By then I am almost in tears with the potential laughter, as she has fallen for this beyond all my expectations. She decided that she would go to bed and I say I’ll follow later as I’m reading. I have my head down in a book to hide myself from exploding. She put on her nightclothes and pulled back the sheets, and then suddenly she sees the lizard trembling in the bed. She let out this huge wail and leaps clean into the air, totally terrified and stretched out against the back wall. She had literally jumped about four feet in shock and fell back against a cabinet on Jennings’ wall, knocking it over with a huge crash. As things began to fall and Etta continues to scream, in burst Mick Jennings waiving a sweeping brush and shouting, “Where is he, where is he? I’ll kill him, I’ll kill the fucker”. Etta is glued to the wall in terror and pointing to the bed where the monster had moved a foot or so. Then Mick starts to beat at the bed with the brush. As he beat at the bed the lizard leapt up in the air, and the more he beat it, the more it leapt. This was just awesome to see and my lizard looked really alive. I saw all this happen as I leaned against the wall trying to keep the laughter in but pretending I was petrified, just so that I could see all the fun.

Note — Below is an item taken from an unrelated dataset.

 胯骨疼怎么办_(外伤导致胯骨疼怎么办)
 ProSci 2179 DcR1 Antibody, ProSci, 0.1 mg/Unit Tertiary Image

Etta began running around the flat screaming as Mick flails away at the lizard. Then losing all control, I fall on the floor with the laughter. I literally collapsed; I was almost sick it was so funny, and even as I write I can still remember thinking that that was the best joke I had ever played on anyone. While still on the ground I looked up and there was Mrs Jennings peeping in around our front door while her husband, half in terror and rage, was still trying to kill the un-killable. After some minutes Mick noticed me laughing and realized it had to be a joke. I just couldn’t speak I was so sick with the laughing and Etta was still shaking with terror. We all calmed down but she wouldn’t speak to me for days over it and probably never forgave me for it either.
A few days later I happened to go into our local shop and was standing behind the upstairs busybody, Mrs Franklin, who had heard all the commotion that night. She was telling the cashier her version of events. She said she saw it all. Poor Mrs Cahill had been bitten by some class of foreign beast and had to be rushed to the hospital. She said that Mick Jennings had to kill it and rescue her as her no good, useless husband just fell on the ground in fright. Then she added quietly, “I never liked him anyways, he was always a bit strange if you ask me”. All I could do was to pretend I hadn’t heard her, and as she was leaving I said, “Oh hello Mrs Franklen, how are you today?” “Oh grand Mr Cahill, it’s a great day isn’t it”, and as she’s leaving she gives me a big smile heading out the door. The cashier, who knew Etta well, deserved an explanation, so I told her that it was just a practical joke and I described the events. We both laughed all over again, with her saying it was one of the best jokes she had ever heard in her life, and if I was her husband she would probably never speak to me again after such a shock.
The lizard met with an untimely end though. I played a good few jokes with him on other people, but when I took him to Mrs Connolly’s butcher shop in Buttevant he finally succumbed to her son’s meat cleaver. The shop was crowded and when no one was looking I placed him near a big lump of meat on the chopping block, and I started to chat to Mrs Connolly. Suddenly there was a scream from a woman customer who was near the block, and John Connolly, with the speed of a Samurai warrior, drew a massive swipe at my lizard with his clever, chopping the head clean off. The head flew into the air, landing on top of the woman’s boobs and she immediately fainted. Consternation soon reigned, with customers fleeing out t
he door in panic. I had the devil of a job explaining to all that it was just a joke gone wrong, and that I was really sorry for making her faint. That ended the lizard’s life, but he gave good service and travelled many a mile with me, giving me hours of laughter while he lived.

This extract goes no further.